START Input records
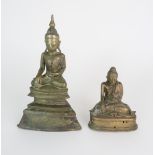A BURMESE BRONZE MODEL OF BUDDHA seated on a tall stepped base 23cm high and another model of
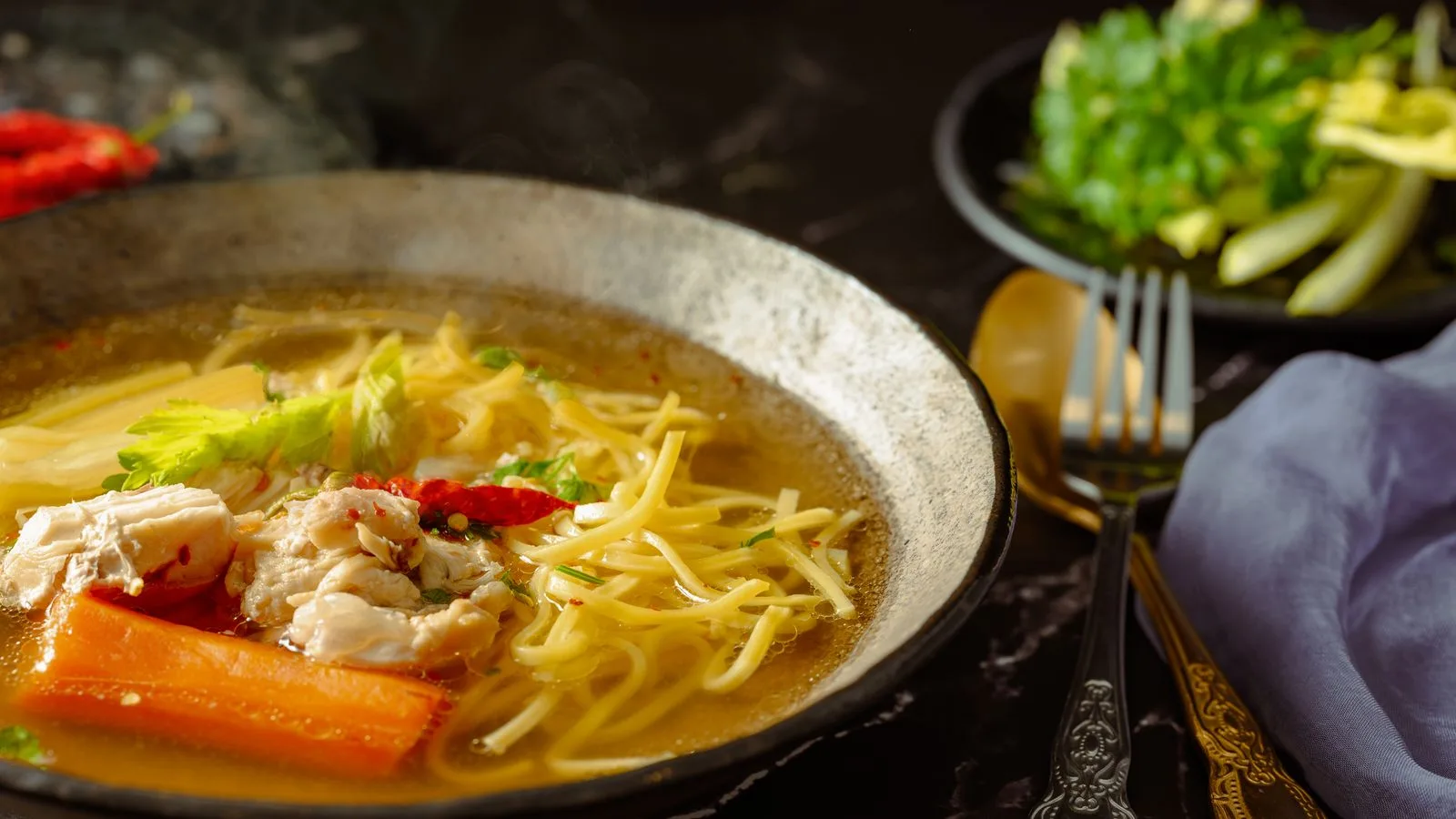 Capture of a flavorful chicken noodle soup with garnishes in a rustic setting.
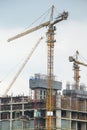 Industrial construction cranes working in the day life. Royalty Free Stock Photo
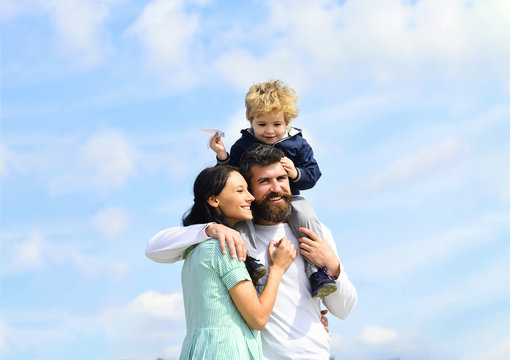 Happy family - mother, father and son on sky background in summer. Child sits on the shoulders of his father. Imagination.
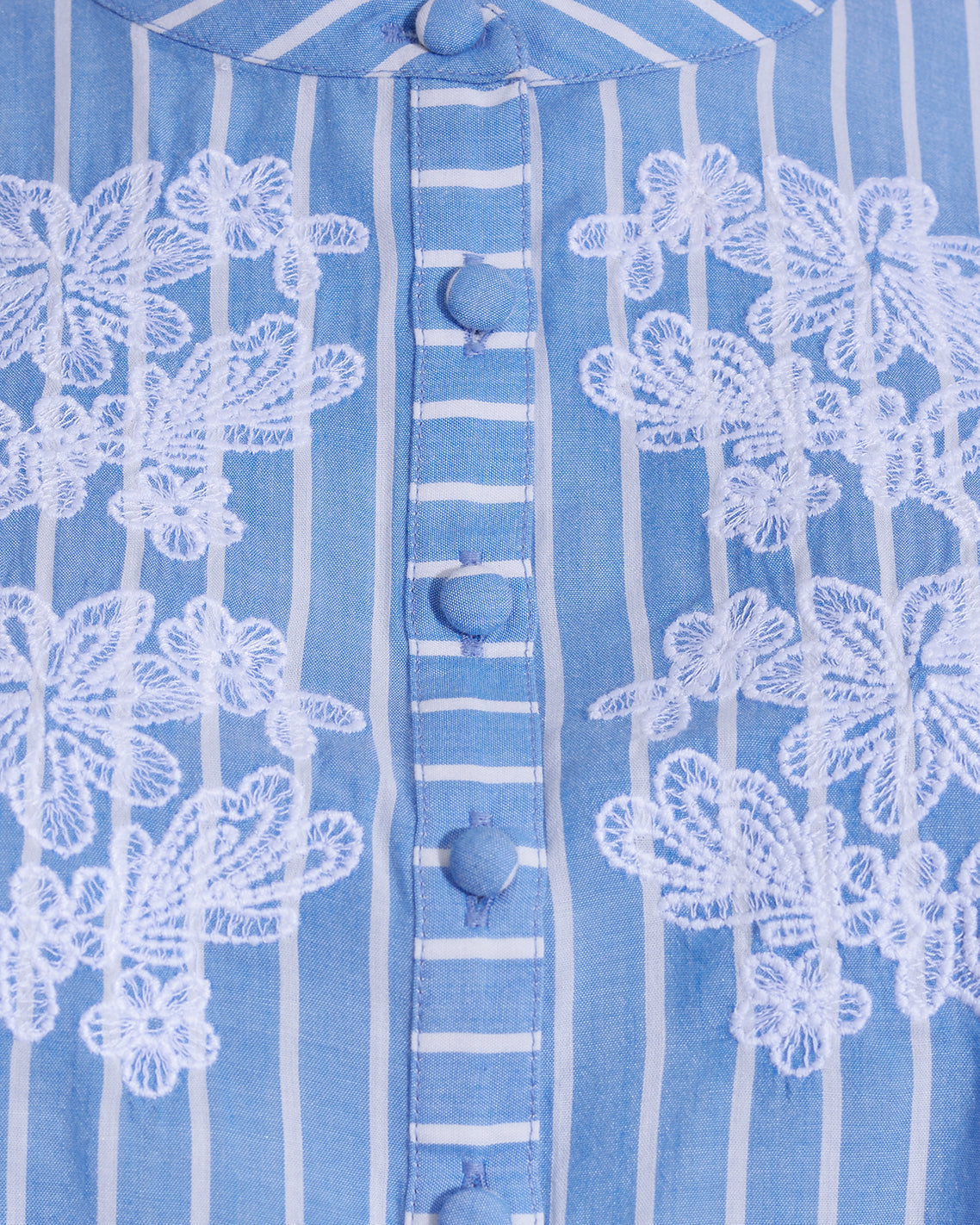 Close-up of the Puff Sleeve Top with Floral Embroidery by Draper James, showcasing blue and white stripes, delicate white floral embroidery, and fabric-covered buttonsâ€”a perfect summer top.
END Input records
| What you have to do |
With the pictures omitted, copy the entries above exactly from the line containing "Capture of a" through the line containing "Happy family - mother, father", both lines included.

| Result |
 Capture of a flavorful chicken noodle soup with garnishes in a rustic setting.
 Industrial construction cranes working in the day life. Royalty Free Stock Photo
 Happy family - mother, father and son on sky background in summer. Child sits on the shoulders of his father. Imagination.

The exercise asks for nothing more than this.